1. "A Time to Kill," The Samohi, 2002

Miller was only 18 when he wrote this op-ed for his high school's student newspaper defending the U.S. invasion of Afghanistan. The high schooler asserted that Muslims across the world rejoice in the killings of non-Muslims:

We have all heard about how peaceful and benign the Islamic religion is, but no matter how many times you say that, it cannot change the fact that millions of radical Muslims would celebrate your death for the simple reason that you are Christian, Jewish or American. We have always known this.

Miller did not provide any evidence to back up his claims. Later in the op-ed, Miller likened his classmates who oppose the war to terrorists.

Many Samo students have questioned patriotism, denounced our military action, and blamed the United States for many of the world's problems. Interestingly enough, many Islamic terrorists feel the same way.

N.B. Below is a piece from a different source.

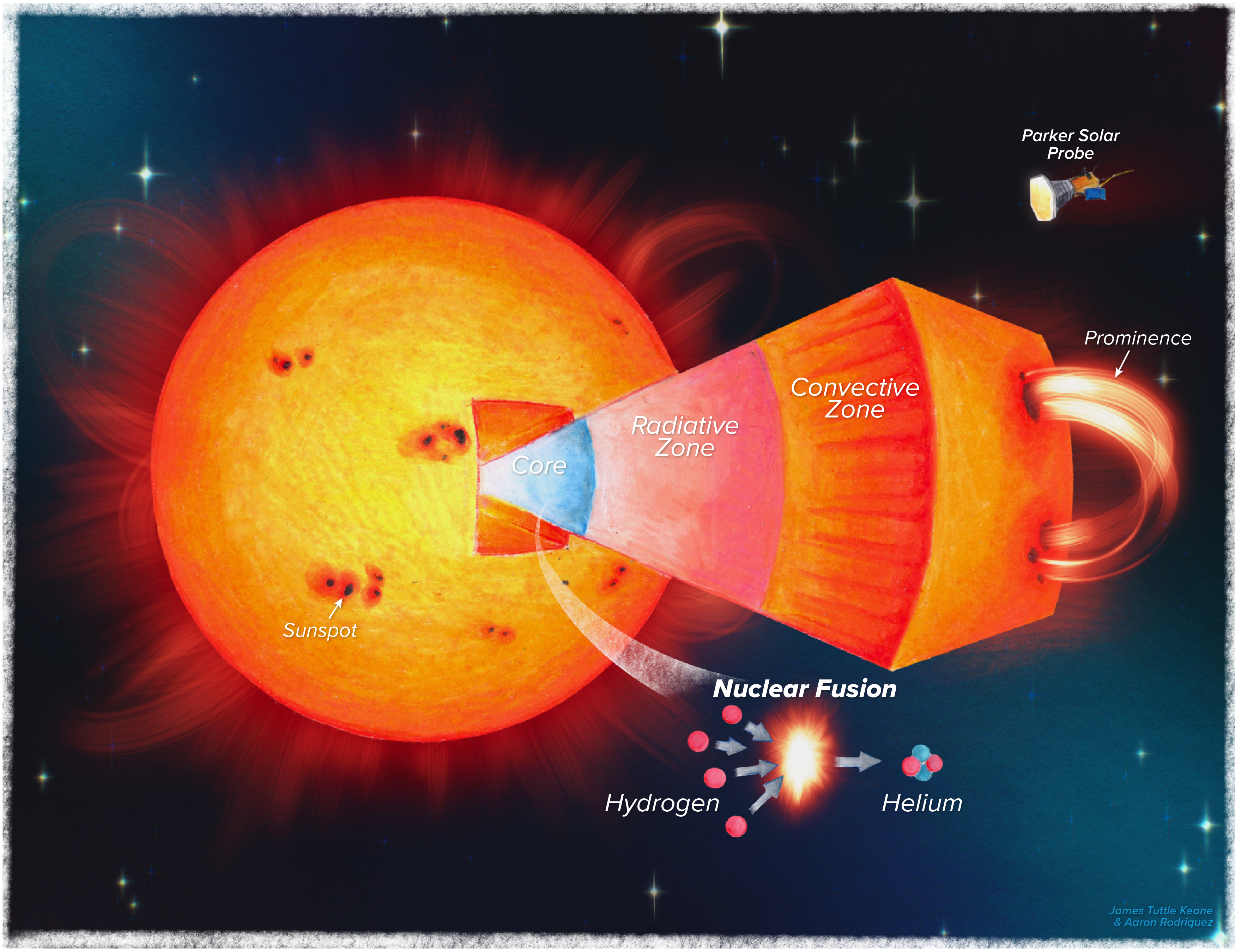 Illustration of the Sun with sunspots. A blown out portion shows the Sun's Core, Radiative Zone and Convection Zone (in order going outward). A cartoon of Hydrogen fusing into Helium is shown at bottom and the Parker Solar Probe at top.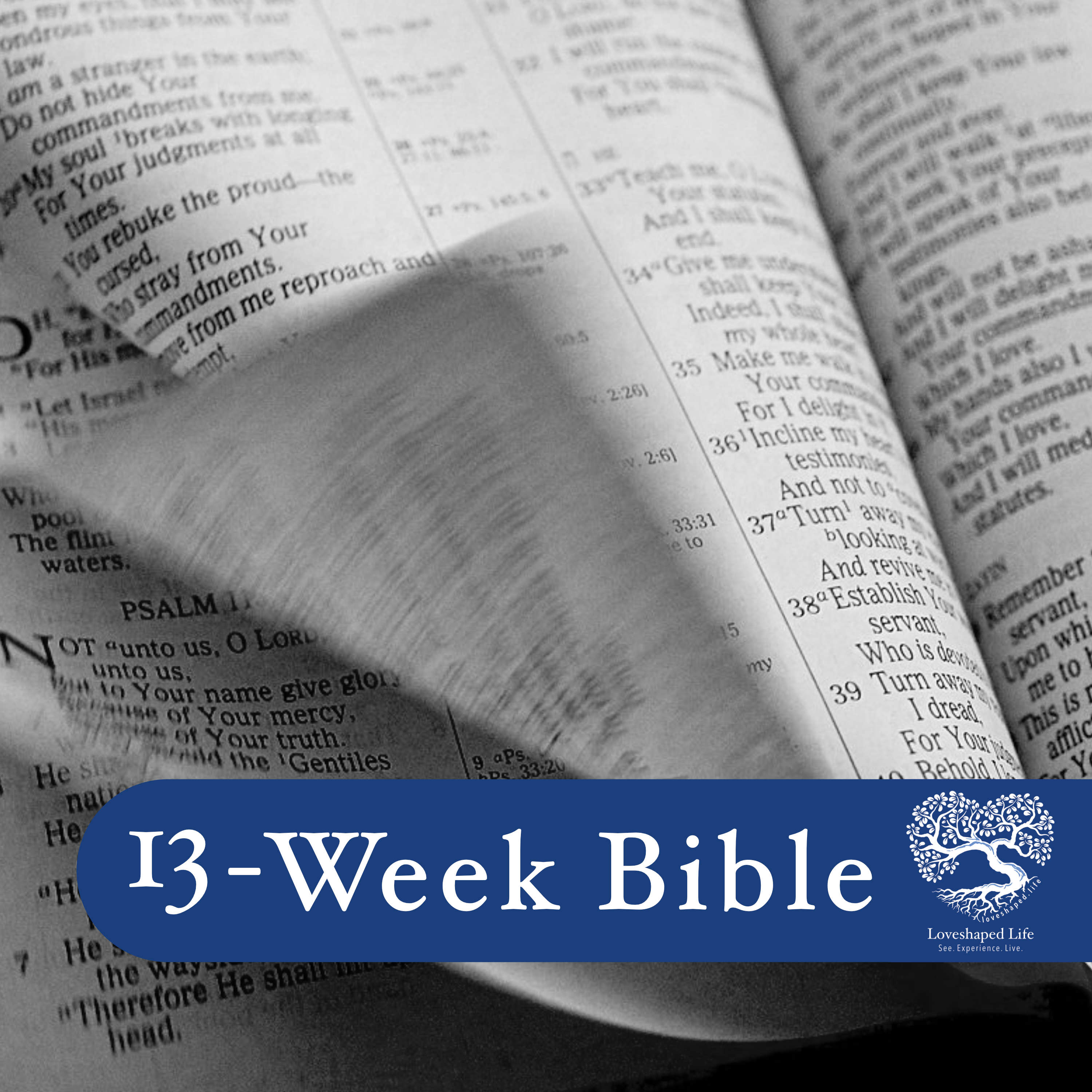 13 Week Bible (Bible in 90 Days)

2. "Political Correctness Out of Control," Santa Monica Lookout, 2003

In a letter sent to a local news outlet, Miller took issue with the presence of English-language learners and Latino students at his high school and with administrators writing official school memos in Spanish.

When I entered Santa Monica High School in ninth grade, I noticed a number of students lacked basic English skills. There are usually very few, if any, Hispanic students in my honors classes, despite the large number of Hispanic students that attend our school. Even so, pursuant to district policy, all announcements are written in both Spanish and English. By providing a crutch now, we are preventing Spanish speakers from standing on their own. As politically correct as this may be, it demeans the immigrant population as incompetent, and makes a mockery of the American ideal of personal accomplishment.

Miller also complained about his high school's LGBT club and slammed Santa Monica High School for inviting a local Muslim cleric to speak on campus.

"Osama Bin Laden would feel very welcome at Santa Monica High School," Miller concluded.

The letter was uncovered by Univision's Fernando Peinado in February 2017. In his report, Peinado quotes one of Miller's childhood friends who said that, at 14 years old, Miller stopped talking to him because he was Latino.

3. "Sorry feminists," The Chronicle, 2005

As a sophomore at Duke, Miller began regularly publishing conservative columns in the school's newspaper, The Chronicle. In one of his earlier writings for the paper, Miller stripped responsibility away from employers for the ubiquitous pay gap between men and women across the country.

What feminists don't realize is that bosses simply want to run a successful business. They will reward and promote whichever employees are doing the best job. If John sells more than Jill, he gets promoted; if Jill sells more than John, she gets promoted. That is the simple beauty of the free market. If you don't believe me, just ask any business owner.

Miller also regarded the gender pay gap as an overall positive as he believes it frees up women from the responsibility of becoming breadwinners. 

 It's vital to keep in mind what it would actually mean for women if we were to close the pay gap. For many, it would mean giving up a noble career in social working or putting in 50- and 60-hour work weeks and not being able to spend time with the family. It would mean trading in jobs like housekeeping for night shifts doing road repairs; it would mean giving up the joy of being home during your child's first years of life.

4. "Welcome to the Durham Petting Zoo," The Chronicle, 2005

In April, Miller wrote an op-ed against Duke students traveling into Durham, North Carolina, arguing that the historic city and its quarter of a million residents had little to offer to students. 

Coming from a violent city myself (Los Angeles), I personally don't feel unsafe when going off-campus. Mostly, I just feel bored. But unlike the other violent cities that have excellent universities-D.C., New York, LA, Boston-Durham is not a hub of civilization overflowing with people, commerce and activity. It's not even a hubcap.

Duke is, in fact, the only thing that keeps this city alive. As the number-one employer in Durham and the city's only major draw, if we were to pull out, instead of worrying about town-gown relations, the city would have to be worry about becoming a ghost-town. Which it quickly would.

Miller went on to chastise his dorm mates for suggesting giving the janitor assigned to clean their building a birthday present.

This insulting act of condescension was driven by guilt and the idea that we are in the janitors' debt. In reality, it's an issue of mutual benefit. The janitors need a job, which we provide, and we need someone to professionally clean the common areas of our dormitories, which they provide. Accordingly, we are thankful for each other, and no one owes anyone anything other than kindness and respect.

5. "Farewell," The Chronicle, 2007

In his final op-ed for The Chronicle, Miller closed his career as a columnist for the paper by reaffirming his conservative viewpoints and longing for a return of "traditional values" that made the U.S. "great"—echoing the campaign slogan his boss would take up nearly a decade later.

Inside our borders, the nation of E Pluribus Unum threatens to be fractured across ethnic lines by racial animus and divisive multiculturalism. We suffer from sagging patriotism, growing malaise and a loss of faith in the noble history and principles that have made us great.